Leading our understanding of the impact of the microbiome on human health is the Human Microbiome Project, a US NIH program, which in 2015 completed its first phase– with the characterization of the microbial compositions from a cohort of 300 healthy adult human subjects within five regions of the body, including nasal passages, the gastrointestinal tract and the urogenital tract. Additionally there are a number of other external repositories outside of this project, including the QIME and MG-RAST that are allowing researchers to get more insight in the workings of this system.
Precision Medicine to Infectious Disease
IDbyDNA is a precision medicine company focused on metagenomic approaches for infectious disease identification. This September (2016) the company announced the closure of a $9million Series A financing round to further develop its Taxonomer-based DNA search technologies and launch metagenomics-based clinical tests for infectious diseases. The goal is to help scientists and doctors detect any organism, in any sample and since the launch of Taxonomer.com in May 2016, the company has already registered users from more than 150 academic or government institutions and corporations.
"Although the human microbiome has long been known to influence human health and disease, with the advent of high-throughput sequencing we have only recently begun to understand and appreciate the depth of its involvement. Insights are coming together through the work of companies like IDbyDNA and analytic tools like their ultra-fast metagenomics search algorithm Taxonomer” said Stuart Peterson, co-founder and senior partner at ARTIS Ventures, who led this funding round for IDbyDNA.
IDbyDNA was founded in November 2014 by four industry veterans with track records that include pioneering genome analysis methods first used by the Human Genome Project.
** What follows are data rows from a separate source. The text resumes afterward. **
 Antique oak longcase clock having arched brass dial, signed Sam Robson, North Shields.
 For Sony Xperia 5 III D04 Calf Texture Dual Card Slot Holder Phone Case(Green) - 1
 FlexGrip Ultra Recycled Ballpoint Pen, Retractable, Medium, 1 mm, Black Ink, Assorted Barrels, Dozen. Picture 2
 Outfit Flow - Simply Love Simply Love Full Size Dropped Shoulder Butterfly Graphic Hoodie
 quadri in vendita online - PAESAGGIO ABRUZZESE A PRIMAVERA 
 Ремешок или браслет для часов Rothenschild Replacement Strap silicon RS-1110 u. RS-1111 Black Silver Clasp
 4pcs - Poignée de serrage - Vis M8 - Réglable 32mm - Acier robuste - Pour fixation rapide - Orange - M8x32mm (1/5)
CEO, Dr Guochun Liao, was a consulting professor at Stanford University and former VP Bioinformatics at Centrillion, and former head of Computational Genomics at Roche Palo Alto. Dr Robert Schlaberg, is a medical director at ARUP Laboratories and assistant professor of Pathology at the University of Utah. Mark Yandell, PhD, is a professor of Human Genetics and Edna Benning Presidential Endowed Chair at University of Utah and co-director of the USTAR Center for Genetic Discovery. Martin Reese, PhD, is the founder, president and CSO of Omicia, and former founder and president of Neomorphic, one of the first Bioinformatics companies, which was sold to Affymetrix.